A crowd of more than 20 people ended up lying outside the entrance of the Rutgers Student Center on the College Avenue campus the first night of the news breaking. The chants were, "We're here. We're queer. We want safety in our homes." The mistake was that Clementi's death should not have been turned into a lesbian, gay, bisexual and transgender protest for gay rights and safe spaces at the University. Robert O'Brien, Department of Anthropology assistant instructor, led the rally as he chanted, "Not safe in dorms, not safe at Rutgers." Essentially, an angry mob fending for their rights turned the death of a young boy into a cause for "safe spaces" for gays across the University - all the while, these spaces already existed. We have groups across campus that deal with students' psychological difficulties—17 Seconds is one that deals with suicides—as well as groups that address their sexual orientation. We have these spaces, and the University community is diverse enough to provide students with whatever it is they need.
The focal point of Clementi's tragic death should have been a boy's inability to deal with the hardships of life. And yet the news and certain organizations picked this up and carried it into the ranks of general causes for major social groups—for their profit. Did Tyler really feel unsafe after all? Do we know the reason behind his suicide? Do we know if he, himself, would take part in the movement behind his death—the push for safe spaces?

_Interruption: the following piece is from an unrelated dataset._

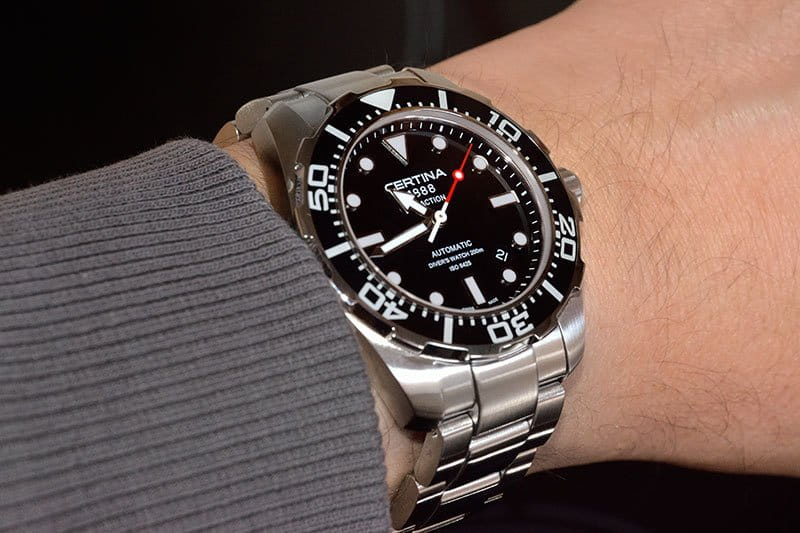Certina Certina DS Action C013.407.11.051.00,  швейцария мужские часы на браслете нержавеющая сталь боковой вид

It is disappointing that everyone from news to celebrities picked up the story. Actress Brittany Snow and actor Neil Patrick-Harris are just two of the many celebrities belittling Clementi's death—forcing his remembrance into a cause rather than a proper mourning.
We did not know Tyler. It was barely three weeks into his first year at the University, and most of his neighbors in his residence hall barely knew him. Turning his death into a push for gay rights is a fallacy. Homosexuality is not the only reason for which people kill themselves. In this case, it might have pushed Clementi over the edge, but the fact that he was gay should by no means turn his death into a march for safe spaces. These groups want to be heard. They want the attention. They want their agendas to shine in the limelight.

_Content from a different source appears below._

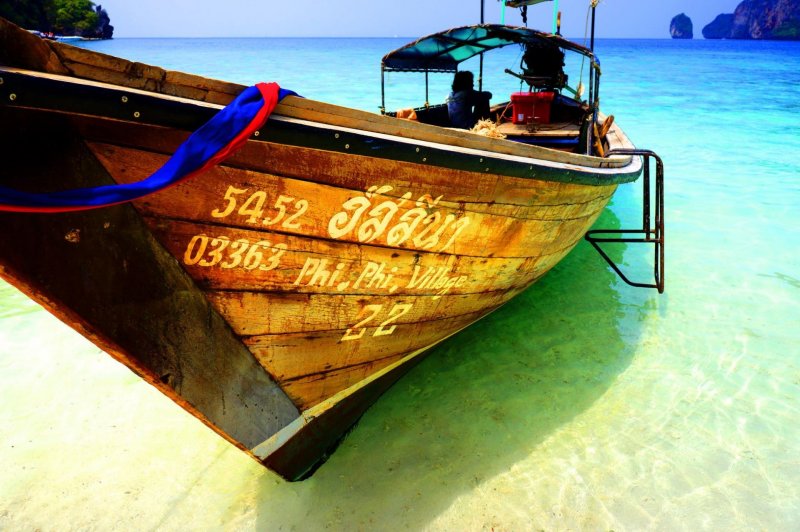 Tailândia koh phi phi barco barcos Ásia férias costa tropical tailândia trópicos baía céu verão parque mar água oceano recife destino paraíso praia  turismo paisagem barco barcos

Instead, we should address that the signs of a suicidal 18-year-old kid were unseen and went unnoticed, not "We want safety in our homes." We have the safety, or as much of it as we together as a University community can in today's world. What we need is to notice those of us who need help and help them. Entertainers stay away. O'Brien leave the issue alone. Let us—family, friends and the University together—mourn for Clementi, and just for him, rather than using him as a martyr for a cause that has yet to be proven.